There is no common form for spatial data that covers the complexity of geometric and topological types widely used in R. Traditional, GIS-alike spatial data is exceptional in the way that it does not make use of normal forms for geometric representations. We are working on a framework for complex, hierarchical data that can incorporate standard spatial types and allows working with them in a general and flexible way. We provide tools in R for more general representations of spatial primitives and the intermediate forms required for translation and analytical tasks.

The simple features standard has the following limitations:

- shapes are represented as paths so only planar polygonal shapes are possible
- the standard allows for
`XY[Z[M]]`

geometry,but this is not extensible - there is no capacity to store data against component geometry elements - there is no capacity for internal topology (no vertex-, edge-, or path-sharing).
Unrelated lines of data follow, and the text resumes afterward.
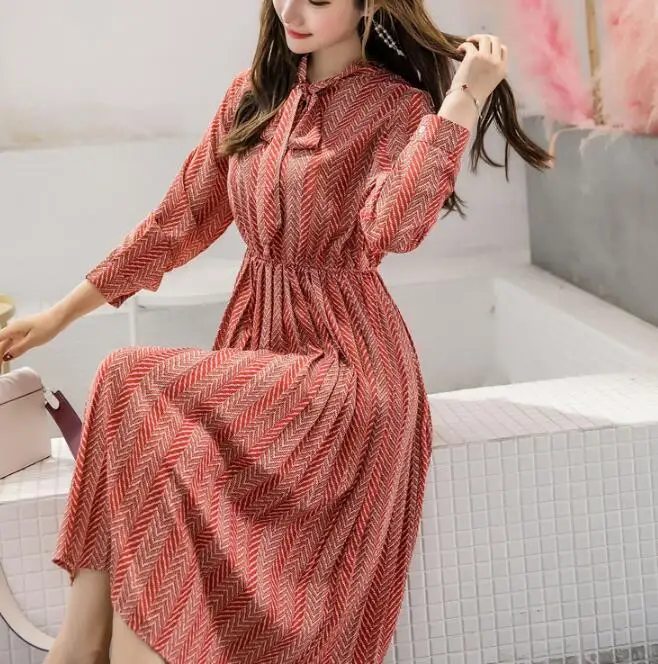 

High Quality 2019 Spring New Arrival Leisure Bow Collar Stripe Long Sleeve Woman Long Chiffon Pleated Dress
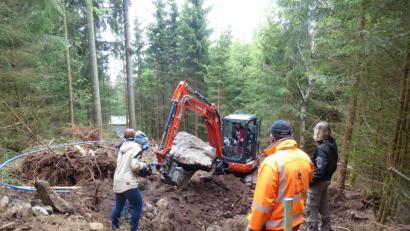 Bild: exb
Arbeit in schwierigem Gelände: Mit Bagger und Muskelkraft wird die Trasse für die Wasserleitung hinauf zum Kösseinehaus angelegt.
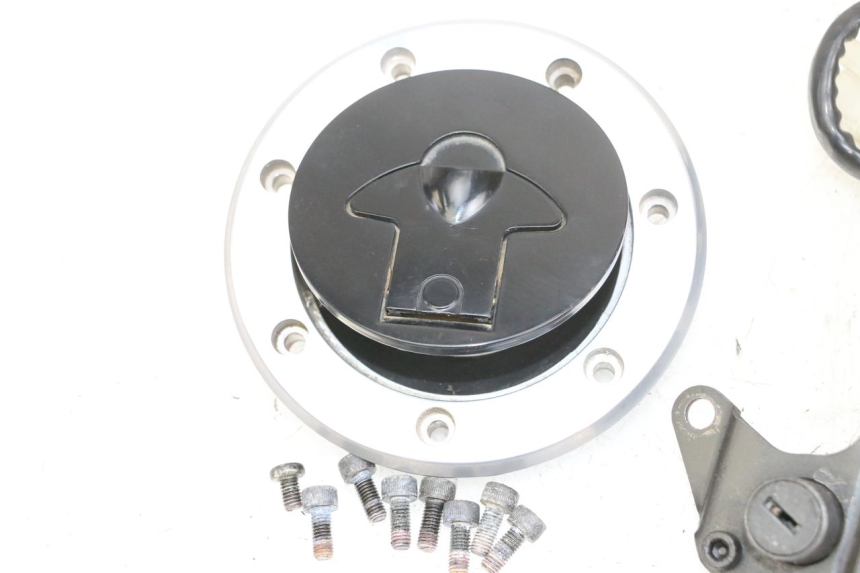 photo de KIT DE LLAVES KAWASAKI ZR 7 750 (1999 - 2004) - Primer plano de alta resolución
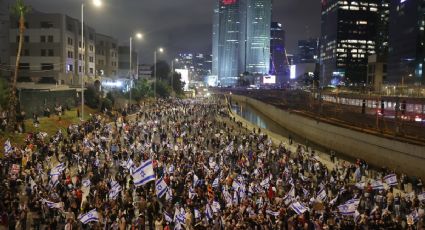 Israel: Protestan cientos de miles con violencia; exigen destitución del ministro de defensa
These limitations mean that it cannot represent in-full every-day objects from GPS, `rgl`

, `ggplot2`

/`ggvis`

, `spatstat`

, `maps`

, TopoJSON, CAD drawings, or from 3D or general model structures. Translations between geo-spatial forms and the graphics and data grammars can be disjointed and sometimes awkward, relying on localized implementations that are lossy or inefficient, require 3rd party workflows, or involve unnecessary tasks.

`Simple features`

is rightly seen as a corner-stone resource, but as a central basis for translations it is only able to handle a subset of the wider remit of “spatial data” in R. Topology in the form of component-element sharing (indexing of vertex, edge, arc, path) is not available to simple features, and while there are tools to generate it for certain planar cases, these are not explicitly available outside provided workflows and this information is not generally available for extensible uses.

Translation patterns that use simple features to translate data from native formats result in loss of information requiring complicated workarounds to preserve it. Common translations include in-memory structural representations, serialized forms within file formats, coordinate system geometry transformations, and topological or shape-modifying transformations.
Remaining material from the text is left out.